§ **TASK**
Restate word for word the lines below from the one that has "Kenner cake box printing" through the one that has "Garnier agua micelar", keeping both and dropping all pictures.

§ **THE DATA**
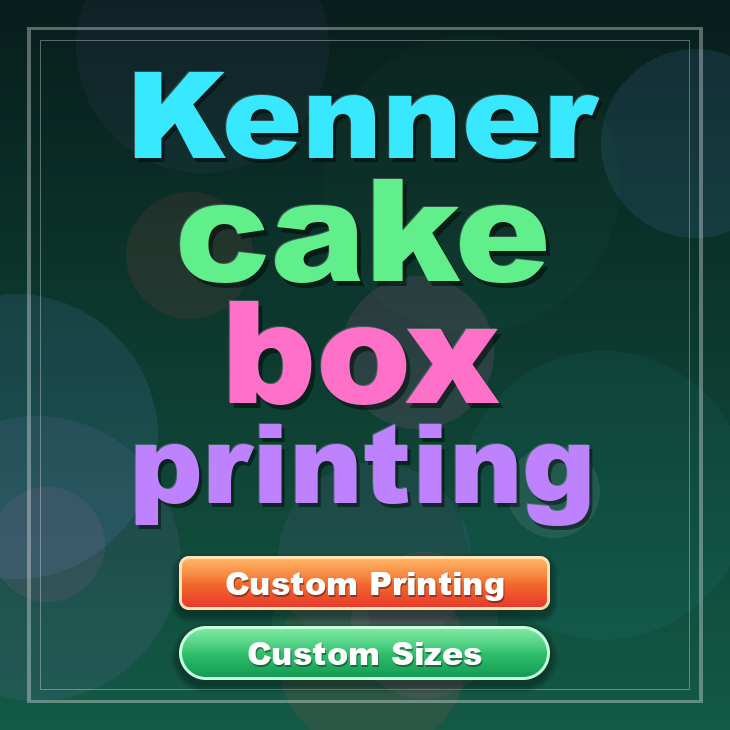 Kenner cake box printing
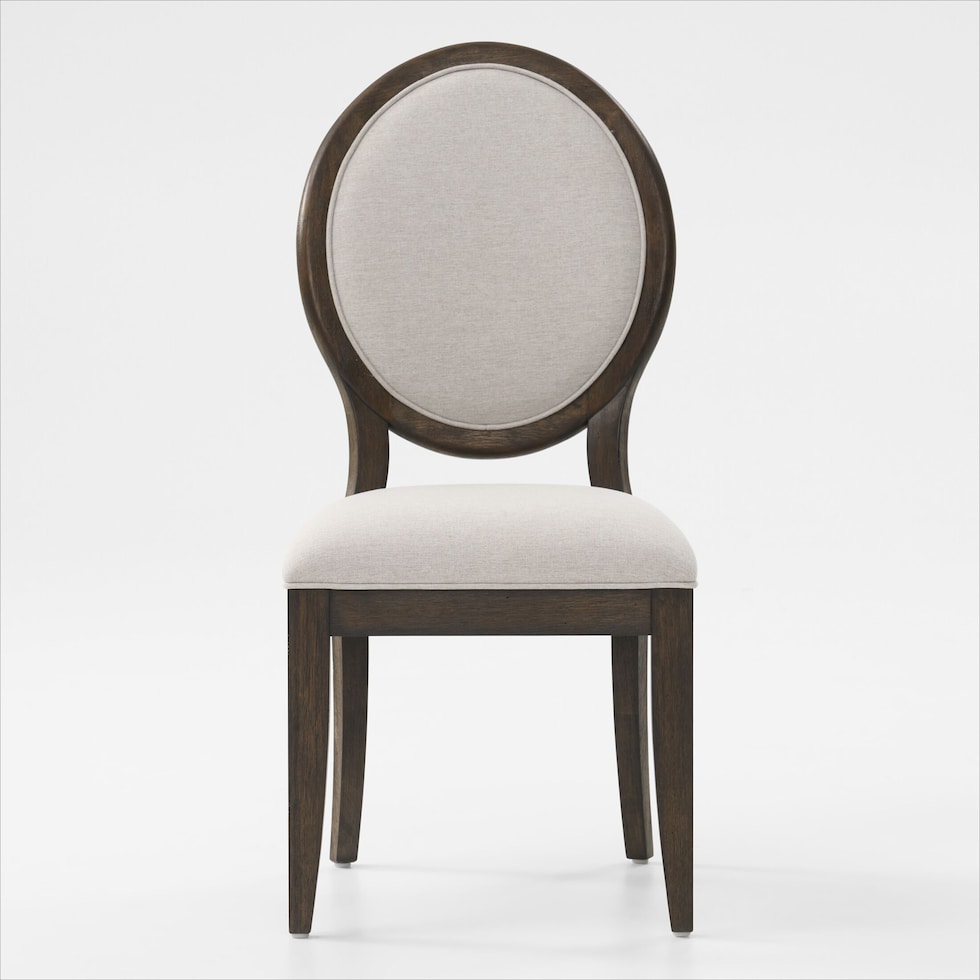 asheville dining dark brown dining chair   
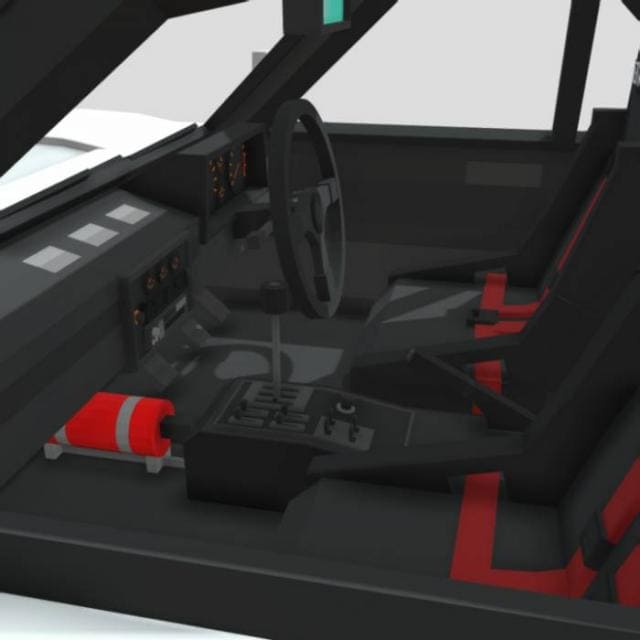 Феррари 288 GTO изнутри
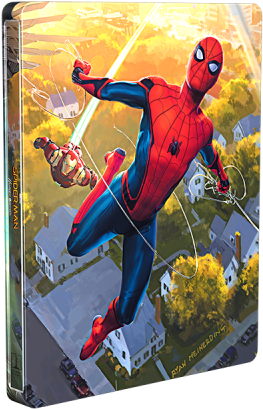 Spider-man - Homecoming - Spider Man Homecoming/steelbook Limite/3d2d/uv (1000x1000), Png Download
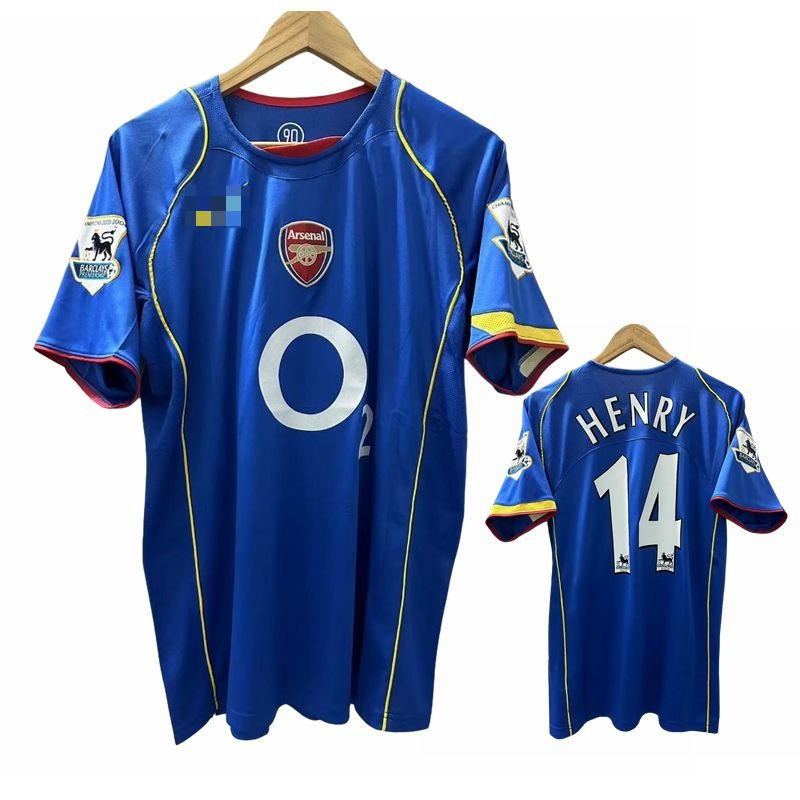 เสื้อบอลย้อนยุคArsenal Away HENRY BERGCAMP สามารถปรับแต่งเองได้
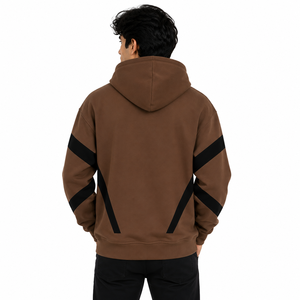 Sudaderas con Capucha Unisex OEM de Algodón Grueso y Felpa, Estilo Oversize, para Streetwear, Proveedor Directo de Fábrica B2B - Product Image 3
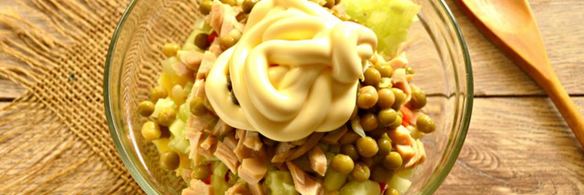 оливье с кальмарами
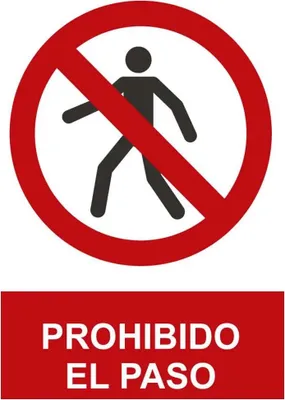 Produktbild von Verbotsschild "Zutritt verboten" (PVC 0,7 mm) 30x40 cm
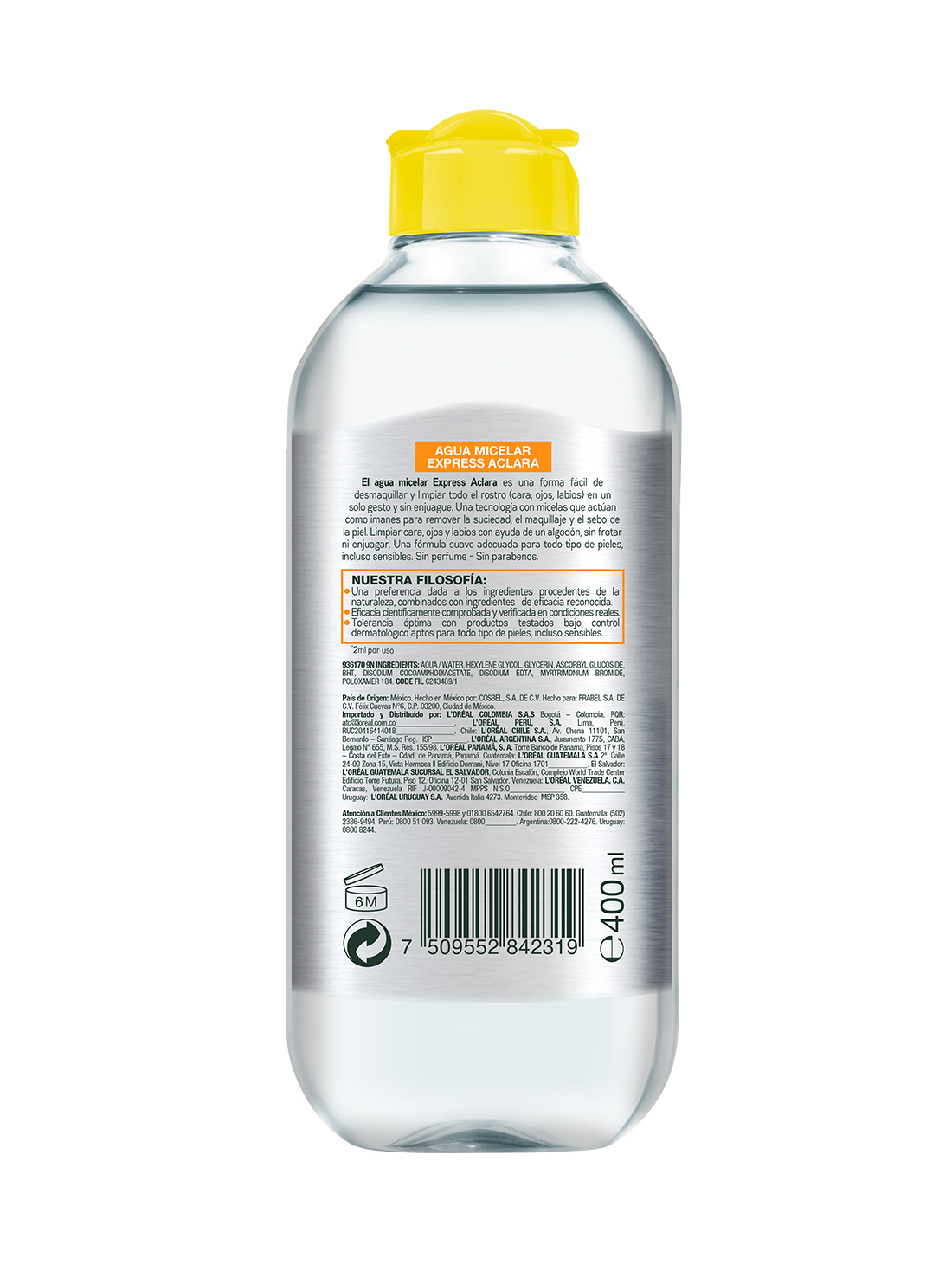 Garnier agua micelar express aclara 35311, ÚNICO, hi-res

---

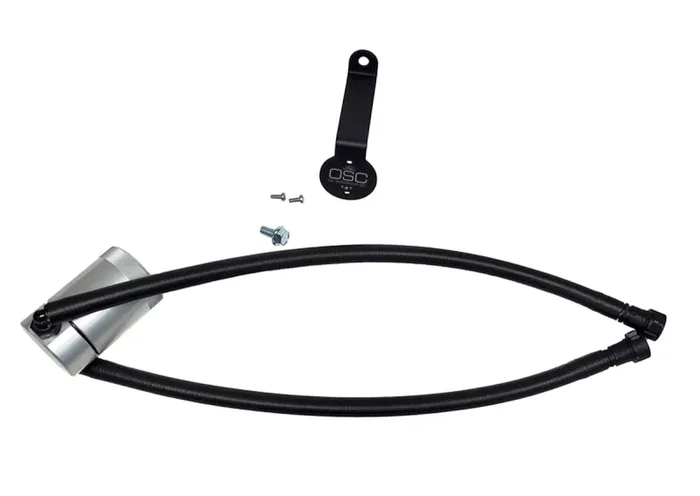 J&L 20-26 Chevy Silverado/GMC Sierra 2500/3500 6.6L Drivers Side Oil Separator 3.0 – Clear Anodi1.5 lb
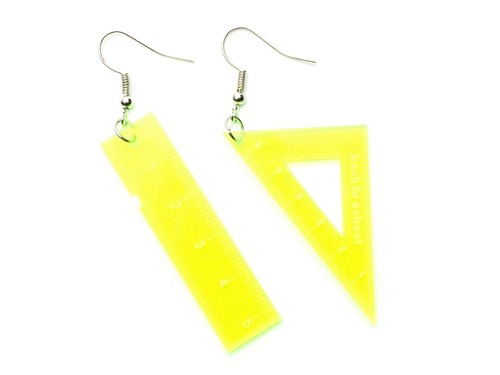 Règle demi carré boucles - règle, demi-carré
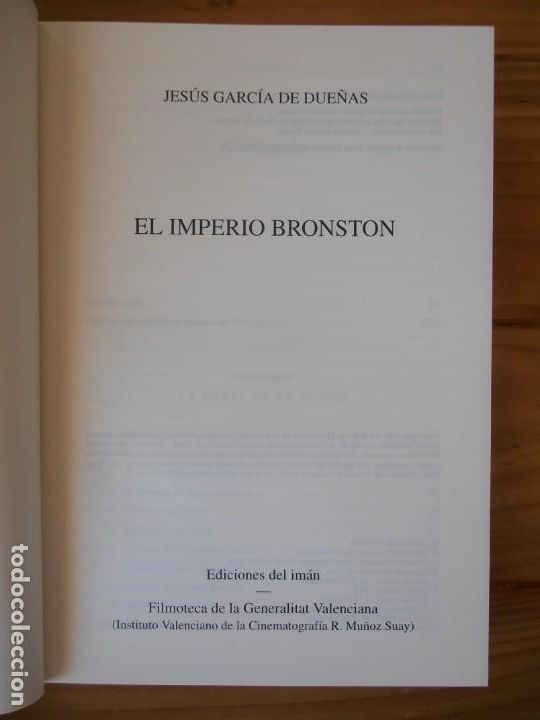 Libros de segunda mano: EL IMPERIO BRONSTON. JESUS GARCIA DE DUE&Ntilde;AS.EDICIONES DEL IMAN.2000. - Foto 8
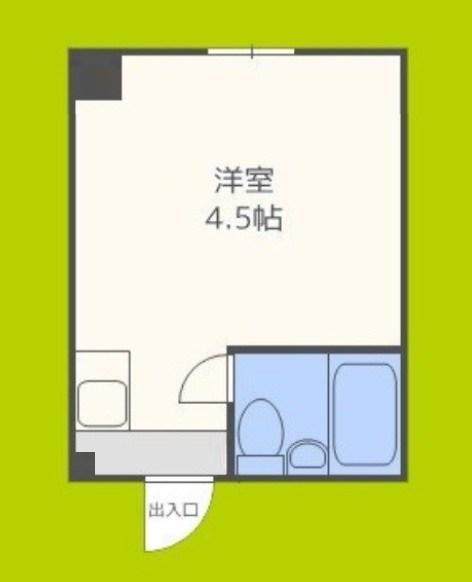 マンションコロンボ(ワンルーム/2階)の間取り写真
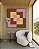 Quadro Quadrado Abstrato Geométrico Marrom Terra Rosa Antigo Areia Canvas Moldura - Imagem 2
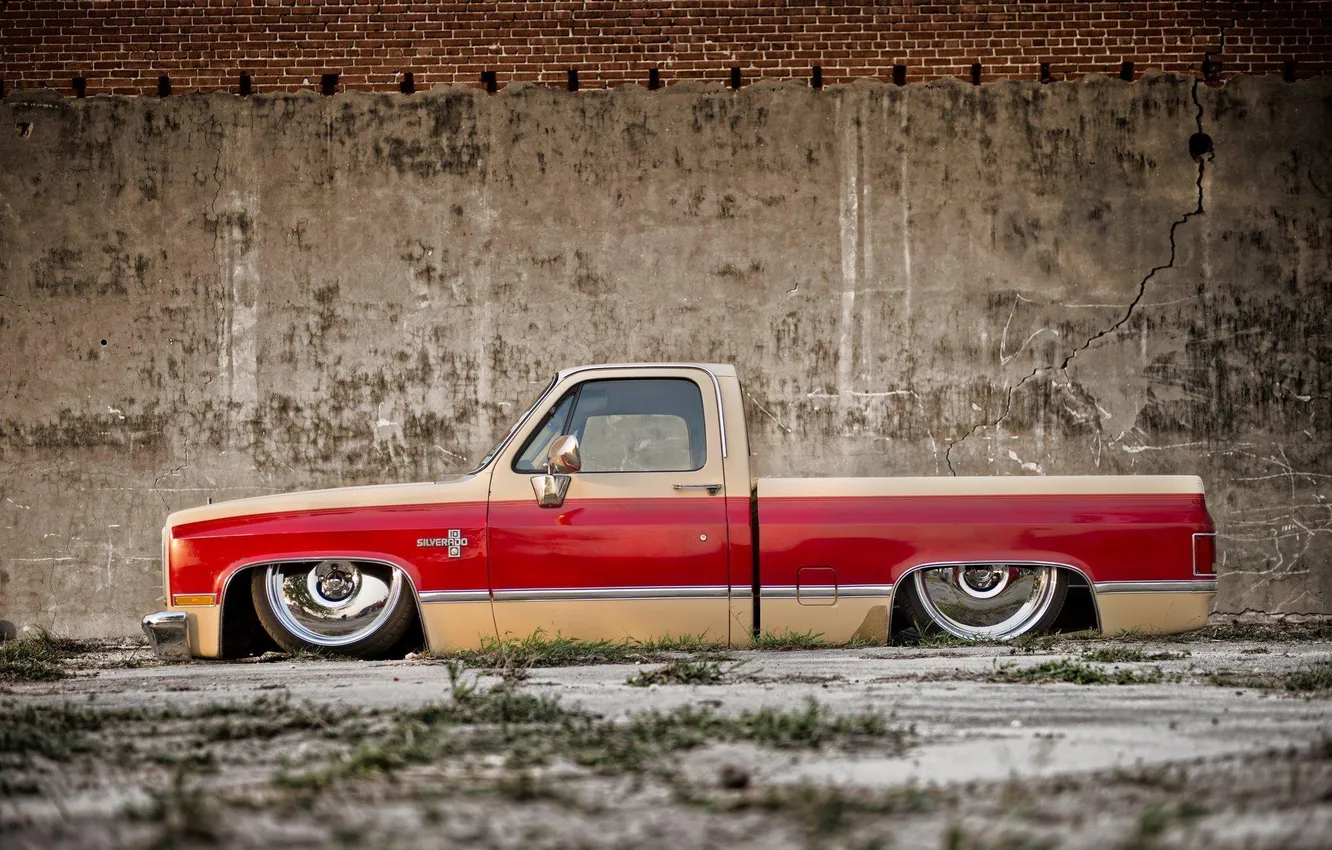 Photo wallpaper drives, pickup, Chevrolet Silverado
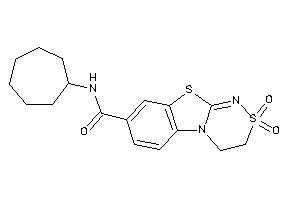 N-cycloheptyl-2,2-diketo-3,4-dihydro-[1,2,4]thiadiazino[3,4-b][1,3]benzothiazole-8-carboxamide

§ **PROBLEM SOLUTION**
 Kenner cake box printing
 asheville dining dark brown dining chair   
 Феррари 288 GTO изнутри
 Spider-man - Homecoming - Spider Man Homecoming/steelbook Limite/3d2d/uv (1000x1000), Png Download
 เสื้อบอลย้อนยุคArsenal Away HENRY BERGCAMP สามารถปรับแต่งเองได้
 Sudaderas con Capucha Unisex OEM de Algodón Grueso y Felpa, Estilo Oversize, para Streetwear, Proveedor Directo de Fábrica B2B - Product Image 3
 оливье с кальмарами
 Produktbild von Verbotsschild "Zutritt verboten" (PVC 0,7 mm) 30x40 cm
 Garnier agua micelar express aclara 35311, ÚNICO, hi-res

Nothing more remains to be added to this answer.